Information shown:
○ ○ ○

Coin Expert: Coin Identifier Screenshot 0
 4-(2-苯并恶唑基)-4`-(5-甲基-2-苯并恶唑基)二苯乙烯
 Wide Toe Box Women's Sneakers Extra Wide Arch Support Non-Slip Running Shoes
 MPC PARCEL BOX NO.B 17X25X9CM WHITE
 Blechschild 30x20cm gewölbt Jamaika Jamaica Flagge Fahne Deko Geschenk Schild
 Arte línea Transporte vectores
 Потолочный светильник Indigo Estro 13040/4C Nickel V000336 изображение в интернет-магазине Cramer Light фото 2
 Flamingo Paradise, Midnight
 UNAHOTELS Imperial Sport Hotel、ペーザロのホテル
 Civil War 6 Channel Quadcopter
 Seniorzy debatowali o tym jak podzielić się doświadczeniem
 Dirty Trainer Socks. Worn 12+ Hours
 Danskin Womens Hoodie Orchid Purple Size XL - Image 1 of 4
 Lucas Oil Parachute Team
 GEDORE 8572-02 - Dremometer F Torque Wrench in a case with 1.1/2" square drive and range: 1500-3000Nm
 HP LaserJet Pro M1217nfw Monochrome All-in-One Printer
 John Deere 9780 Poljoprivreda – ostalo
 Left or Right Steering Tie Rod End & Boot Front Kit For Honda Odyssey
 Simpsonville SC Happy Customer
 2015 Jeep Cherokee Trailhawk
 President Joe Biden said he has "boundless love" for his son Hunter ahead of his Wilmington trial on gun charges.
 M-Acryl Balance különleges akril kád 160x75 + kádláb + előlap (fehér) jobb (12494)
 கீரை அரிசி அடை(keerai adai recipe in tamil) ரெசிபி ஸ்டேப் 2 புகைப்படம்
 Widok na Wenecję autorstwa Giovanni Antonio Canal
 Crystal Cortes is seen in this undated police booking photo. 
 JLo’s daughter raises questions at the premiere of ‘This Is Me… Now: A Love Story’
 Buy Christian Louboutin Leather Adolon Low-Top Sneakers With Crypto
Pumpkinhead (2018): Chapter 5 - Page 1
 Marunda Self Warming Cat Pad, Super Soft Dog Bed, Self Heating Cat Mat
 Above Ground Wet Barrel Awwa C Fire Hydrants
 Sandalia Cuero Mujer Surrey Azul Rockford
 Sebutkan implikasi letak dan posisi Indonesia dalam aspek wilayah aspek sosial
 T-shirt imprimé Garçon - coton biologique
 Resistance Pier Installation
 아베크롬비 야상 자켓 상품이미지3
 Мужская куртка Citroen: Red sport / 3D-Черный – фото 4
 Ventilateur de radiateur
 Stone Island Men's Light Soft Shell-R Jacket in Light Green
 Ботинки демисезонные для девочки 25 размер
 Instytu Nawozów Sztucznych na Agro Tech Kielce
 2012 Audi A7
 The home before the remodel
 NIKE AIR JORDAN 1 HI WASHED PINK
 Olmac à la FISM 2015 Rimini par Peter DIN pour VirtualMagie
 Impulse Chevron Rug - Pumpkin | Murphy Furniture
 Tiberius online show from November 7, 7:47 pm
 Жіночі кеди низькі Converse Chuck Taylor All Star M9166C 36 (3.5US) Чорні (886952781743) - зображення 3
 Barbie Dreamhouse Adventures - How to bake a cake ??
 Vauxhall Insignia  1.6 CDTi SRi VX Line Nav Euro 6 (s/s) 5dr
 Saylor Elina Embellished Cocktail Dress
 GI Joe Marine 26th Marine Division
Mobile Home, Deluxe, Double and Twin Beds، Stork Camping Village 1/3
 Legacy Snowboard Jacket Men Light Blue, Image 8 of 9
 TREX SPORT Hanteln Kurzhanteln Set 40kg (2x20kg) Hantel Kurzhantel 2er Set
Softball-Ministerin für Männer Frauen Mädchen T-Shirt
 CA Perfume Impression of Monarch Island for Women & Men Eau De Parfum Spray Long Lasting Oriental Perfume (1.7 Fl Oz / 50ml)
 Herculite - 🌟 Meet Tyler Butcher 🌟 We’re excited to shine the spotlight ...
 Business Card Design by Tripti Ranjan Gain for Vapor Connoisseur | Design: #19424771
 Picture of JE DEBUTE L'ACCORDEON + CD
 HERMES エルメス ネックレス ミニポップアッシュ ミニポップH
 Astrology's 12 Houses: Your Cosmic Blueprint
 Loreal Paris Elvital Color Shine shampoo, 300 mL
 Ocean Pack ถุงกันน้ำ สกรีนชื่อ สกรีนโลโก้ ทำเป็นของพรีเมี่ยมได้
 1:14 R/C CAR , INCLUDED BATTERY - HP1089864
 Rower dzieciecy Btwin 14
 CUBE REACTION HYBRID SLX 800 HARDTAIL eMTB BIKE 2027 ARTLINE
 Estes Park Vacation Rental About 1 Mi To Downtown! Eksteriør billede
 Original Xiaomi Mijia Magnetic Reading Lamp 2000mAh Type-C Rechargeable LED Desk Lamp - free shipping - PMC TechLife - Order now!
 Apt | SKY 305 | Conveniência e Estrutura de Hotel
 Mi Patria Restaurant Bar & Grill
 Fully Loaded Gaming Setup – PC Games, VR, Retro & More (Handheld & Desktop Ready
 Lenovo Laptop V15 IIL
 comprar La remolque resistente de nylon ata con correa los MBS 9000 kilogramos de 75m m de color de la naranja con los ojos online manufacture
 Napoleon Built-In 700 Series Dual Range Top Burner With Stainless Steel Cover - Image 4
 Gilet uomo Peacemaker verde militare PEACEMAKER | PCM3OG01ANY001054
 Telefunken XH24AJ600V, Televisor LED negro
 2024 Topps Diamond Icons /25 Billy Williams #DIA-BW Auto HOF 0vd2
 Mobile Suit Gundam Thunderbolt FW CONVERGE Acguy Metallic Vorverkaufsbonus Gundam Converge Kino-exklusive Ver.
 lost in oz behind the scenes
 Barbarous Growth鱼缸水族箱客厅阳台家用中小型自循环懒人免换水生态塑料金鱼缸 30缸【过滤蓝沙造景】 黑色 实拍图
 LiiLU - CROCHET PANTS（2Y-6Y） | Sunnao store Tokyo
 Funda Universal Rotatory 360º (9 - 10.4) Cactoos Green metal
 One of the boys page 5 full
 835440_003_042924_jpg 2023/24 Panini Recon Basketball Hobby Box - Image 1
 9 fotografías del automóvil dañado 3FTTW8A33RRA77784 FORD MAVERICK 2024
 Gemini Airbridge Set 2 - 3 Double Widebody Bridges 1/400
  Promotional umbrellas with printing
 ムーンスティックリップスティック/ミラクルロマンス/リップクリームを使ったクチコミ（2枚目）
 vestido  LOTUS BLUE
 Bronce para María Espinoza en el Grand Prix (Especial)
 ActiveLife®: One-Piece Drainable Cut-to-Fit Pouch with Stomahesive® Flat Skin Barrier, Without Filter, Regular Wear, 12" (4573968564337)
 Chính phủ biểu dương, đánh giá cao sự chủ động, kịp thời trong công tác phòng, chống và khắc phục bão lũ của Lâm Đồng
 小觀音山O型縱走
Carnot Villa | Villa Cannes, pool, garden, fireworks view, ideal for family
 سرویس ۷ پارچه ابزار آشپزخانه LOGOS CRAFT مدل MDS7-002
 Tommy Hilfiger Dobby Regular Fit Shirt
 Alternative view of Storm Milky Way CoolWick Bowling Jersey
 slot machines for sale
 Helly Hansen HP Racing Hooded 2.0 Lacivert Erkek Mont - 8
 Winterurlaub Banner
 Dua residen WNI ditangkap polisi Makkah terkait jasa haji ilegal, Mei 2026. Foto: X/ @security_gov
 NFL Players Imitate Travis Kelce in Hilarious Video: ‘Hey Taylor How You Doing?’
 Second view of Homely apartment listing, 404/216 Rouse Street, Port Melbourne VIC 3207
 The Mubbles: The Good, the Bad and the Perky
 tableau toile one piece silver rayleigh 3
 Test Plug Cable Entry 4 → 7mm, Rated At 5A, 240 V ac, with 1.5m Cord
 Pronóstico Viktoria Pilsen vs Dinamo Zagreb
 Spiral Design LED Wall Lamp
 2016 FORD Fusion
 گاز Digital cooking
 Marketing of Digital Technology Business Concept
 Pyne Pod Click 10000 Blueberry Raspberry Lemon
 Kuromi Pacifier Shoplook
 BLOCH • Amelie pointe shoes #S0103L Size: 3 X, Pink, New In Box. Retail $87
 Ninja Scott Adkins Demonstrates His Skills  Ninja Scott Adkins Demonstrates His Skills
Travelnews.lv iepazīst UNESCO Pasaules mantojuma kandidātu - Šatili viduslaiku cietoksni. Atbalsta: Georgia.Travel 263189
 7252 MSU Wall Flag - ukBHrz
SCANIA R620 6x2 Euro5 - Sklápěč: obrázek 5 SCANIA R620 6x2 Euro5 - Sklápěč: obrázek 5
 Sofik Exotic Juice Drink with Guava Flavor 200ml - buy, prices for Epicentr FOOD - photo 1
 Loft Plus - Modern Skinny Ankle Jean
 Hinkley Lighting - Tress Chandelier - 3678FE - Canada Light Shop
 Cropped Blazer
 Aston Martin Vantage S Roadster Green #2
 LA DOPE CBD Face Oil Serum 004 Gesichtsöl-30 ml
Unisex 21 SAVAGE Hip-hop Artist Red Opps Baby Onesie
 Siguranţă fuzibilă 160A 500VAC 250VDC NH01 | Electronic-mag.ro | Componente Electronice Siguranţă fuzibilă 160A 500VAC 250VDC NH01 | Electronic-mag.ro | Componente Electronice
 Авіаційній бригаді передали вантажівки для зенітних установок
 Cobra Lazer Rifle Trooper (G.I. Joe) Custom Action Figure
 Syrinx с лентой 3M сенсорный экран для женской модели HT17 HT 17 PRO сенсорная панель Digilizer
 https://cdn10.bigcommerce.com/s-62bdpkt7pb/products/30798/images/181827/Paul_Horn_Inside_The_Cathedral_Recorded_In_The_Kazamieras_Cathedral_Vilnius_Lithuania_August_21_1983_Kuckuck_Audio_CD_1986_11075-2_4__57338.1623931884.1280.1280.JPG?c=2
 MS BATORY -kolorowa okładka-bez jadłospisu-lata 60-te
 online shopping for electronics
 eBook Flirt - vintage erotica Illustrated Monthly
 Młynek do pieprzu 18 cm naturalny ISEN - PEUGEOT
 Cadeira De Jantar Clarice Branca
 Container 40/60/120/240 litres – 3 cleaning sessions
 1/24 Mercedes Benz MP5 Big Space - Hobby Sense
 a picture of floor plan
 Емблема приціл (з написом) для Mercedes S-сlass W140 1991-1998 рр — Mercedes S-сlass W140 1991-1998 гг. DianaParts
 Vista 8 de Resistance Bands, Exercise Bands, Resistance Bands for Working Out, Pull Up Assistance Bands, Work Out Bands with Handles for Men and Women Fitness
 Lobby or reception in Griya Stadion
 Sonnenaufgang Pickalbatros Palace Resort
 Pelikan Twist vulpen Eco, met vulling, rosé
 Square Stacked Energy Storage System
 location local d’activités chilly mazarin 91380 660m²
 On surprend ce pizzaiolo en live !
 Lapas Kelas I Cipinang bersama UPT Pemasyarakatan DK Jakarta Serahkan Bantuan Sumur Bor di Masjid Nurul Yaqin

○ ○ ○

Exercise prompt:
Reproduce only the lines above, starting at the line with "Ботинки демисезонные для девочки 25 размер" and ending at the line with "Telefunken XH24AJ600V, Televisor LED negro", exactly as written.

Answer area:
 Ботинки демисезонные для девочки 25 размер
 Instytu Nawozów Sztucznych na Agro Tech Kielce
 2012 Audi A7
 The home before the remodel
 NIKE AIR JORDAN 1 HI WASHED PINK
 Olmac à la FISM 2015 Rimini par Peter DIN pour VirtualMagie
 Impulse Chevron Rug - Pumpkin | Murphy Furniture
 Tiberius online show from November 7, 7:47 pm
 Жіночі кеди низькі Converse Chuck Taylor All Star M9166C 36 (3.5US) Чорні (886952781743) - зображення 3
 Barbie Dreamhouse Adventures - How to bake a cake ??
 Vauxhall Insignia  1.6 CDTi SRi VX Line Nav Euro 6 (s/s) 5dr
 Saylor Elina Embellished Cocktail Dress
 GI Joe Marine 26th Marine Division
Mobile Home, Deluxe, Double and Twin Beds، Stork Camping Village 1/3
 Legacy Snowboard Jacket Men Light Blue, Image 8 of 9
 TREX SPORT Hanteln Kurzhanteln Set 40kg (2x20kg) Hantel Kurzhantel 2er Set
Softball-Ministerin für Männer Frauen Mädchen T-Shirt
 CA Perfume Impression of Monarch Island for Women & Men Eau De Parfum Spray Long Lasting Oriental Perfume (1.7 Fl Oz / 50ml)
 Herculite - 🌟 Meet Tyler Butcher 🌟 We’re excited to shine the spotlight ...
 Business Card Design by Tripti Ranjan Gain for Vapor Connoisseur | Design: #19424771
 Picture of JE DEBUTE L'ACCORDEON + CD
 HERMES エルメス ネックレス ミニポップアッシュ ミニポップH
 Astrology's 12 Houses: Your Cosmic Blueprint
 Loreal Paris Elvital Color Shine shampoo, 300 mL
 Ocean Pack ถุงกันน้ำ สกรีนชื่อ สกรีนโลโก้ ทำเป็นของพรีเมี่ยมได้
 1:14 R/C CAR , INCLUDED BATTERY - HP1089864
 Rower dzieciecy Btwin 14
 CUBE REACTION HYBRID SLX 800 HARDTAIL eMTB BIKE 2027 ARTLINE
 Estes Park Vacation Rental About 1 Mi To Downtown! Eksteriør billede
 Original Xiaomi Mijia Magnetic Reading Lamp 2000mAh Type-C Rechargeable LED Desk Lamp - free shipping - PMC TechLife - Order now!
 Apt | SKY 305 | Conveniência e Estrutura de Hotel
 Mi Patria Restaurant Bar & Grill
 Fully Loaded Gaming Setup – PC Games, VR, Retro & More (Handheld & Desktop Ready
 Lenovo Laptop V15 IIL
 comprar La remolque resistente de nylon ata con correa los MBS 9000 kilogramos de 75m m de color de la naranja con los ojos online manufacture
 Napoleon Built-In 700 Series Dual Range Top Burner With Stainless Steel Cover - Image 4
 Gilet uomo Peacemaker verde militare PEACEMAKER | PCM3OG01ANY001054
 Telefunken XH24AJ600V, Televisor LED negro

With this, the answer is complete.